DSCN is a joint project of The Jewish Education Project and Upstart Bay Area, made possible by a generous grant from UJA Federation of New York. This exciting new initiative utilizes Adaptive Leadership and Design Thinking to to create a shift in mind-sets and skill-sets that will lead to new forms of creativity, distributed leadership, and efficacy within and across schools.
In the DSCN, educators from across the religious spectrum address challenges facing individual schools while working together to bring new models and approaches to the broader field of Jewish day school education.
A team of four educators from Schechter participated in a two day retreat as part of the schools involvement in the program. The educators included Early Childhood Center director Tracey Bortz, kindergarten teacher Orli Rabkin, fourth grade teacher Donell Newman, and middle school teacher Cheryl Stone. The four spent the retreat working side-by-side with teams from other schools and experts in Design Thinking and Adaptive Leadership.

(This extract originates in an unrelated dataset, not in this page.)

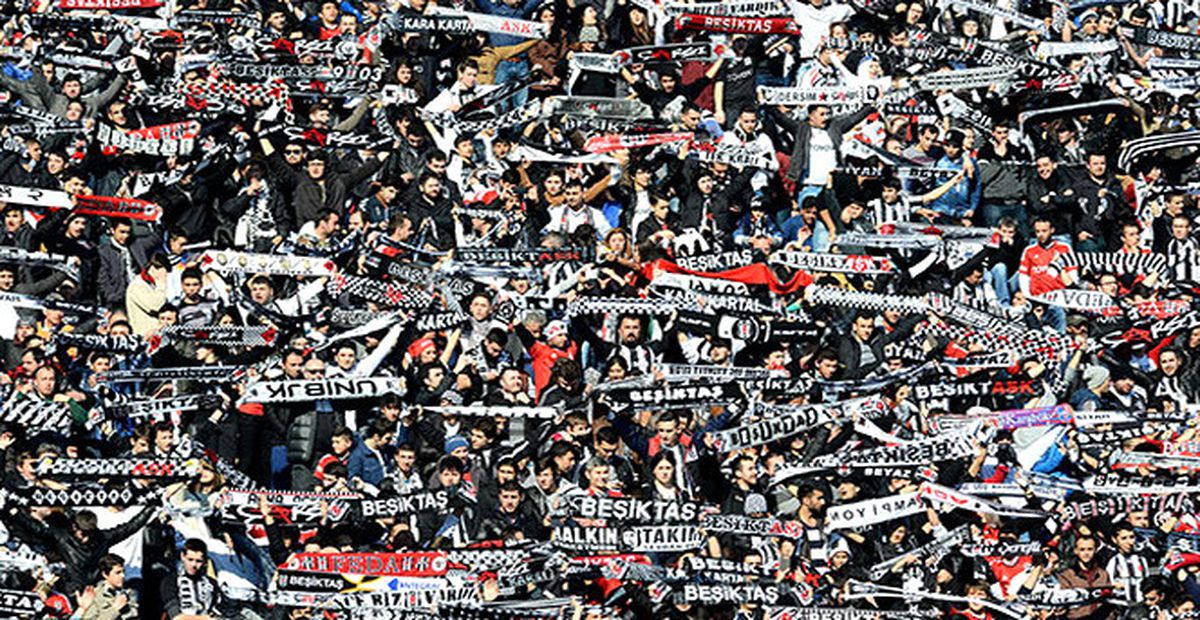 Beşiktaş\'tan Taraftarlarına Çağrı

Dr. Ari Yares, Head of School at Gross Schechter Day School, participated in the inaugural cohort of DSCN during the prior school year. Dr. Yares shared that through the DSCN, we are acquiring new problem solving skills that allow us to tackle challenges and grow stronger by understanding the needs that underlie those challenges.
The Jewish Education Projects Director of Jewish Day School Leadership and Innovation, Rabbi Ed Harwitz, has been involved in the program since its inception. He commented that The DSCN seeks to become the Silicon Valley of the Jewish day school world, a real location for creativity and measurable innovation.